実験中の事故で隻眼になりながらも、アクセルロッドは神経伝達物質の研究で業績を残しました。

 

ポーランドからのユダヤ系移民の家系に生まれたアクセルロッドは、ニューヨーク市立大学で学位取得後に医大を目指したものの、ユダヤ人の入学人数制限もあって受験に失敗してしまいました。一時的に市の衛生局に勤めていた彼は、実験室でアンモニアの瓶が破裂して左目を負傷する事故に見舞われます。

これ以降、彼は左が黒く塗られた眼鏡をかけ「隻眼の化学者」として知られるようになりました。

1949年にアクセルロッドは国立衛生研究所に移り、アドレナリンとノルアドレナリンの研究に従事します。彼はこれら2種類の神経伝達物質の研究を通して、神経細胞同士の情報伝達のメカニズムを明らかにしました。

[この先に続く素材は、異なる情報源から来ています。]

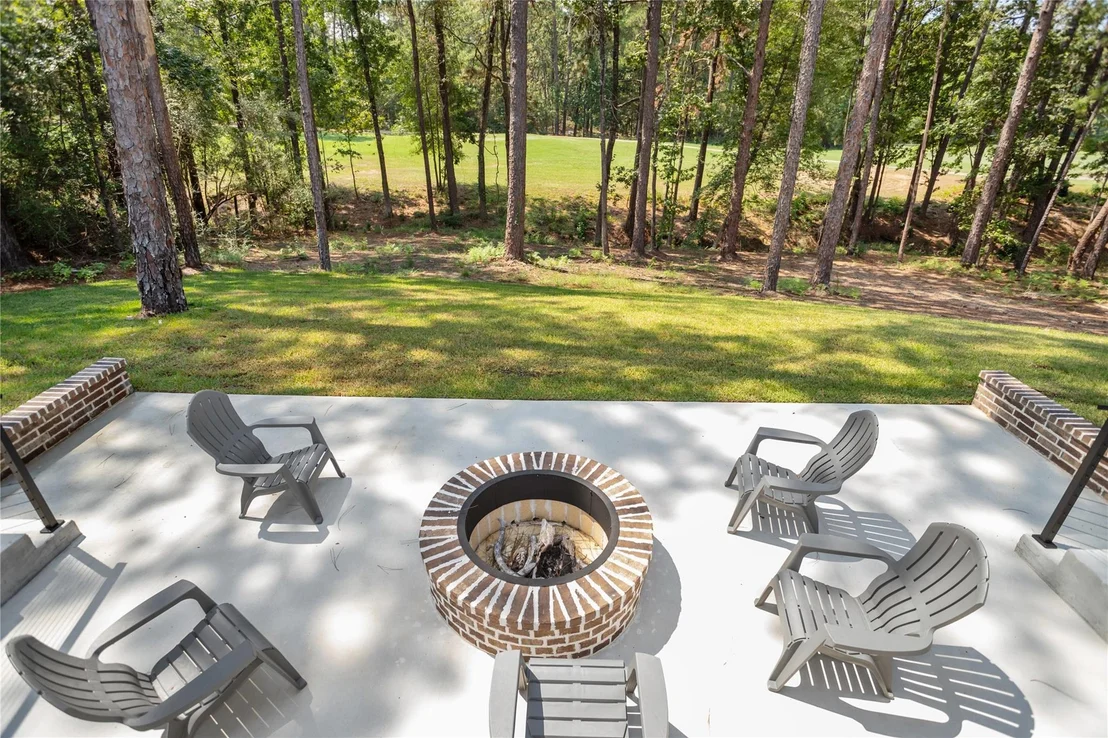 Photo of 157 Duffer Drive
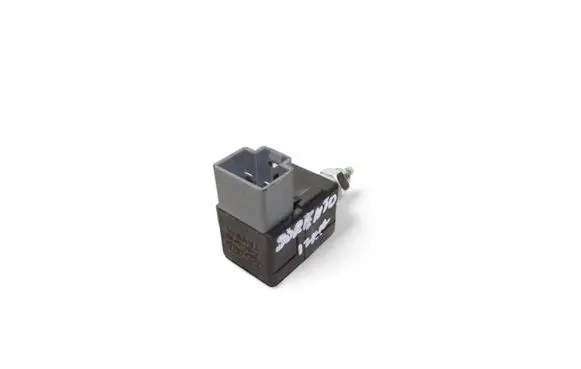 KIA Sorento Brake pedal sensor switch 180118A3503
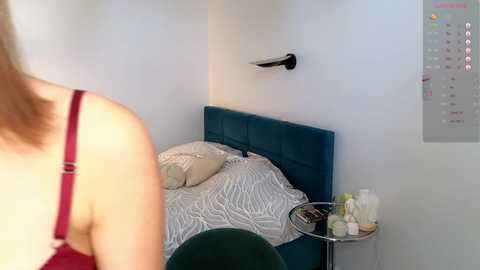 smoothnesss @ chaturbate on 20250816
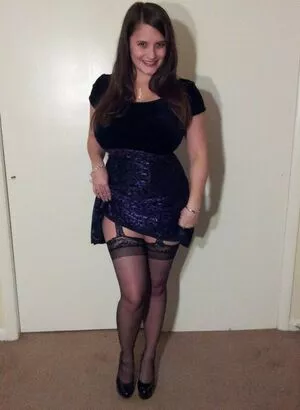Avery Harwood OnlyFans Leaked Free Thumbnail Picture - #SHzJceJ6ei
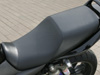 gsx1400_bk9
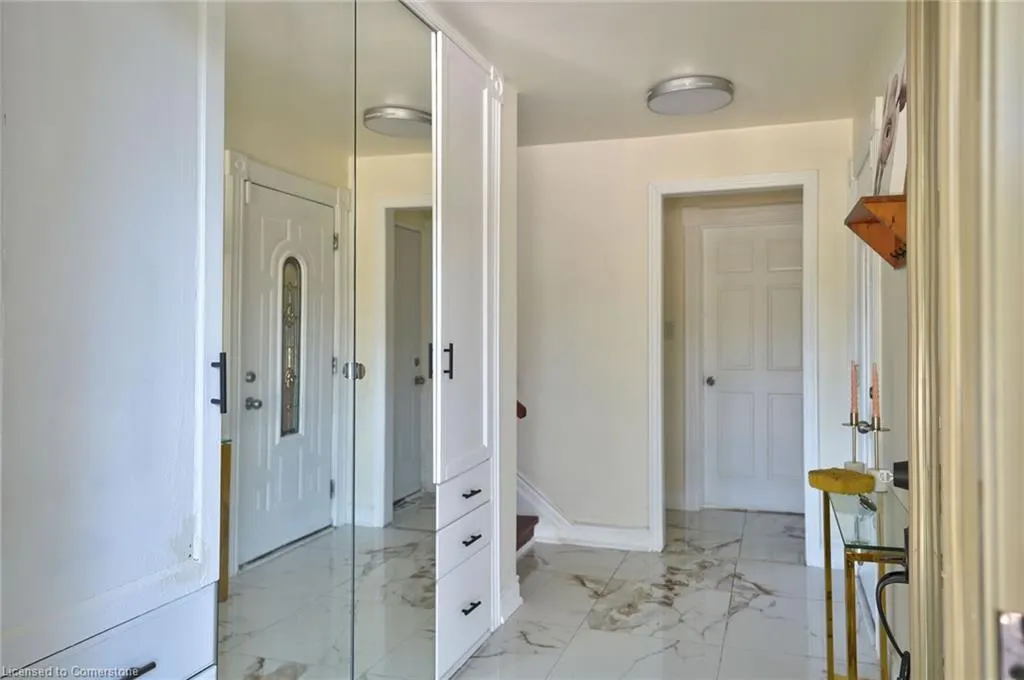 207 Christopher Drive
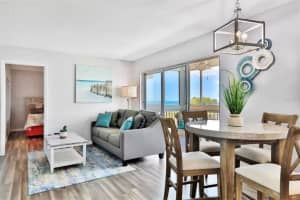 1255 Tarpon Center Dr, Venice, FL 34285, Sold 06/24/22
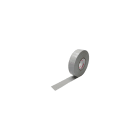 BEHR BIRCHER CELLPAC - CEL145804 NASTRO ISOLANTE PVC N.128 0.15-19-25/GRI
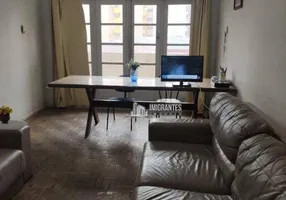 Foto 1 de Apartamento com 2 Quartos à venda, 132m² em Boqueirão, Praia Grande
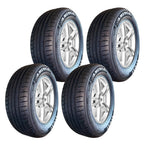 205/55 R16 America  Sport 91 H
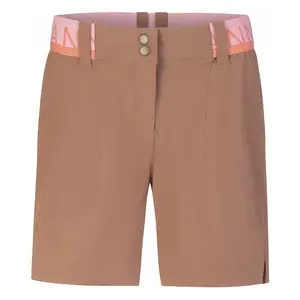 Women's shorts Hannah Holy image-0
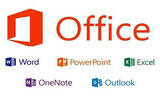 Office2013安装中出错如何解决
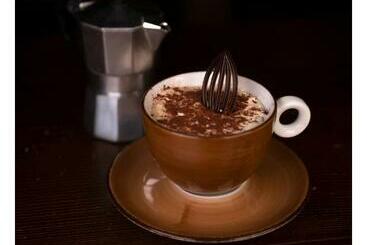 Aparthotel Relais Il Grottino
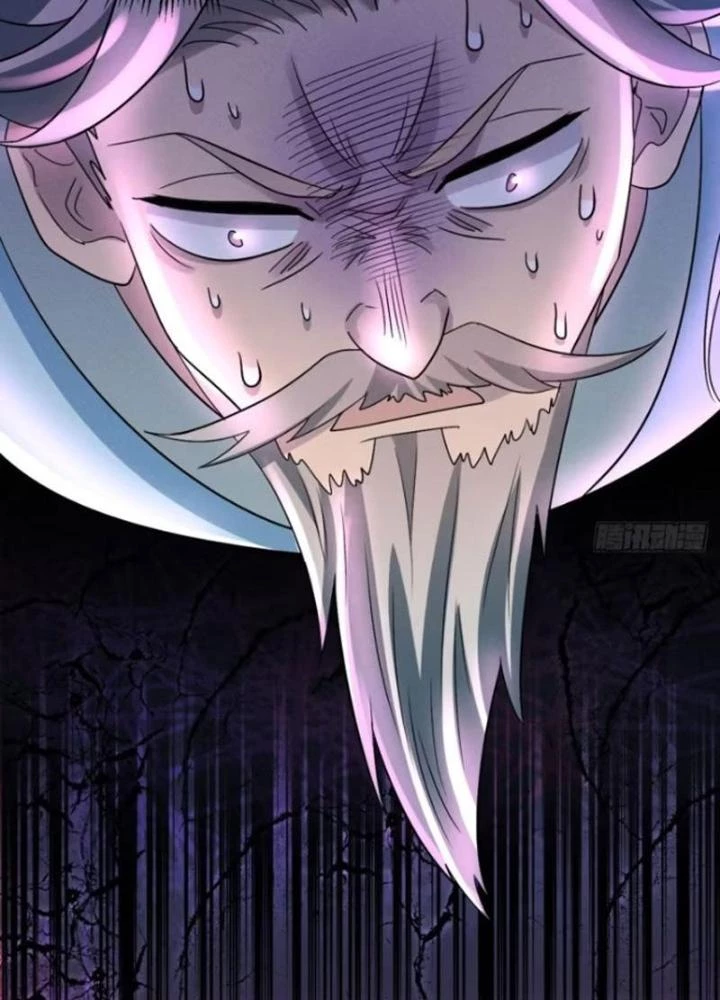 Đạo Hữu Xin Bớt Giận Chapter 26 - 77
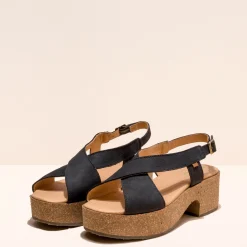 Damen El Naturalista 5893 Arbequina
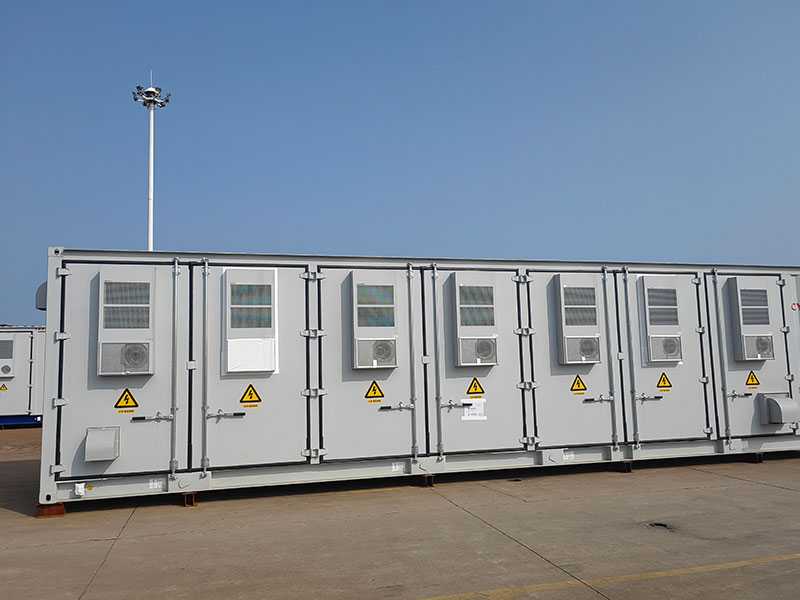 预制舱3.jpg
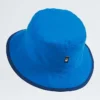 Kids’ Class V vendbar bucket hat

その功績が認められ、アクセルロッドは1970年にノーベル生理学・医学賞を受賞しています。

ところで、アクセルロッドは自らの隻眼について聞かれたところ、当時流行りの映画に引っかけて「ブレンダ・スターの彼氏みたいでかっこいいだろ」と答えたそうです。痛ましい経験をも笑い飛ばしてみせる姿勢が、大きな成功につながったのかもしれません。